◆ DESCRIPTION OF THE TASK
Retype, word for word, every line of the records below starting at the one that contains "灵芝药用面膜测评方法图片-第1张图片-灵芝之家 灵芝药用" and ending at the one that contains "A Ativação de"; include both of those lines and nothing more.

** Opening DATA EXTRACTS block **

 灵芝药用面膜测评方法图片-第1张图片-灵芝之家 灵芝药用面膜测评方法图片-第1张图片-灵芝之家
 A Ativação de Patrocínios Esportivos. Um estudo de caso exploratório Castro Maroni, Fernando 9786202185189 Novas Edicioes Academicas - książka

** Closing DATA EXTRACTS block **
** Opening DATA EXTRACTS block **

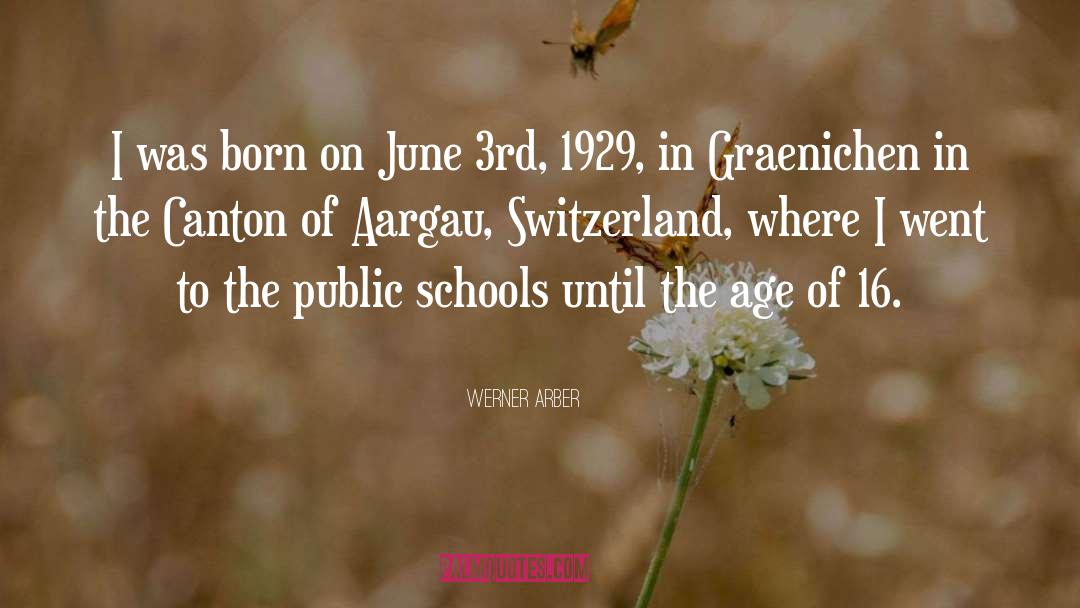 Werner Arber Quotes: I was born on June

** Closing DATA EXTRACTS block **

◆ ANSWER TO THIS TASK
 灵芝药用面膜测评方法图片-第1张图片-灵芝之家 灵芝药用面膜测评方法图片-第1张图片-灵芝之家
 A Ativação de Patrocínios Esportivos. Um estudo de caso exploratório Castro Maroni, Fernando 9786202185189 Novas Edicioes Academicas - książka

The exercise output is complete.